All AI software must be trainied at some point, and the training is done in slightly different ways but you get the idea with this one apple example. An AI model relies on training data (e.g. - a fruit picture database) to recognize patterns and make predictions or decisions. Our apple example didn't talk about predictions or forecasts, but that is next.
The more data points an AI model receives - that is, the more times the software searches for apples and gets a correct/incorrect response - the more accurate it can be in its data analysis and forecasts.

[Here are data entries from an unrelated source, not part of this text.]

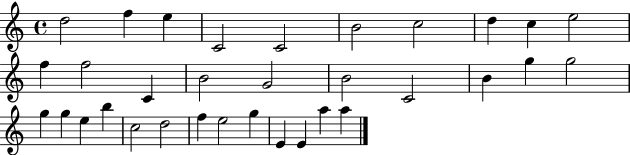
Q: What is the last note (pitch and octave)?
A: A5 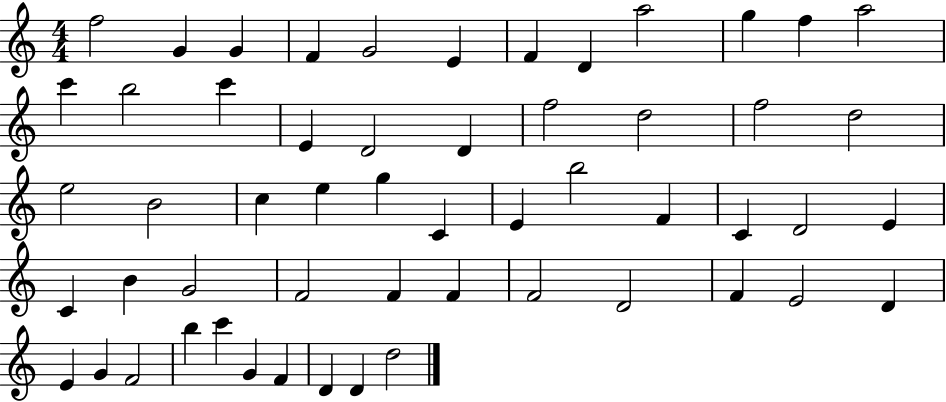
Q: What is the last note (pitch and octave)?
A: D5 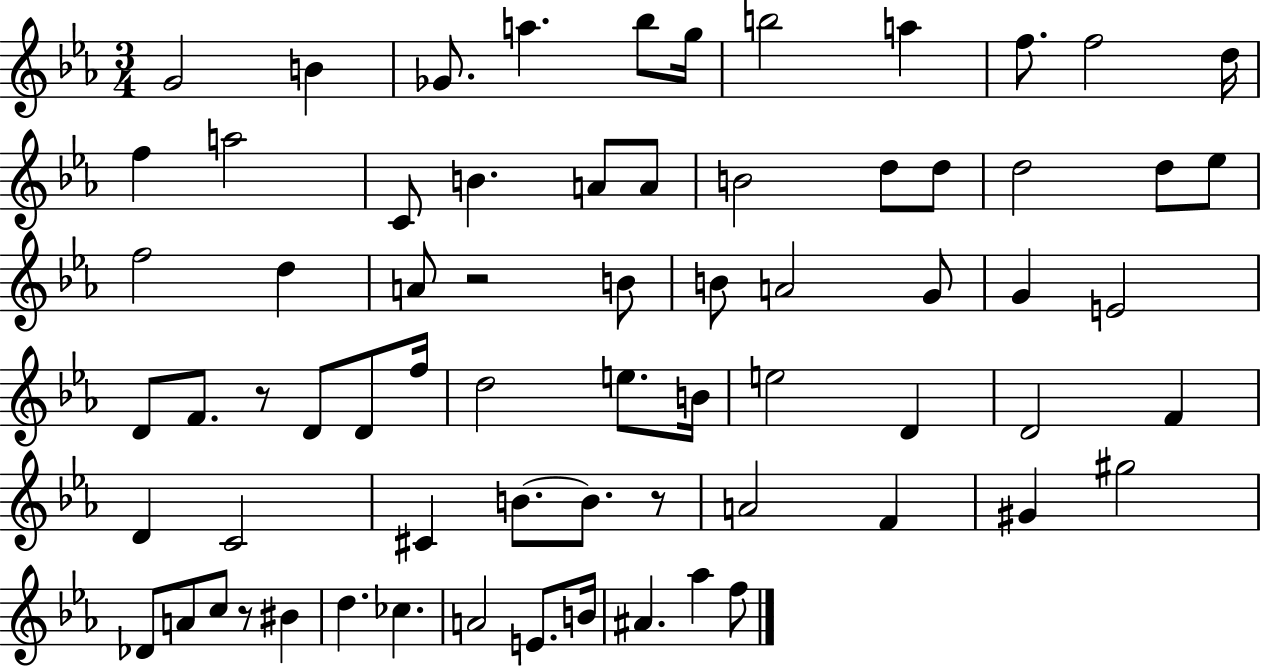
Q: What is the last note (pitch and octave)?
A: F5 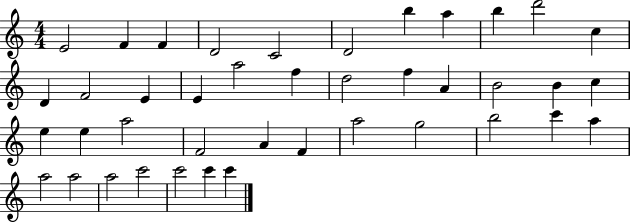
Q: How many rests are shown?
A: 0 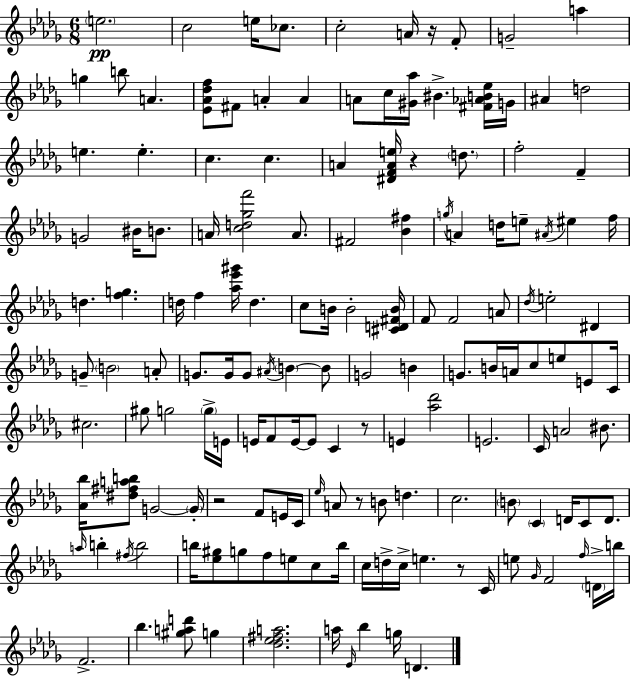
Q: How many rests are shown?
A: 6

One last point: I mentioned there are different ways to train an AI Model. It is helpful to know the two big concepts for training an AI software program using different approaches:
Supervised learning: This is a type of machine learning/model training where structured datasets, with inputs and labels (like the example above with a single database of fruit pictures), are used to train and develop the algorithm that is being "trained."
Unsupervised learning: This is a much more sophisticated form of training where the AI software/algorithm program is programmed to make inferences from datasets that don’t contain labels. No criteria are given to evaluate what an apple looks like, for example. These inferences are what help it to learn. There will be more on this in later blog posts. For now, understanding models and the concept of training them is great!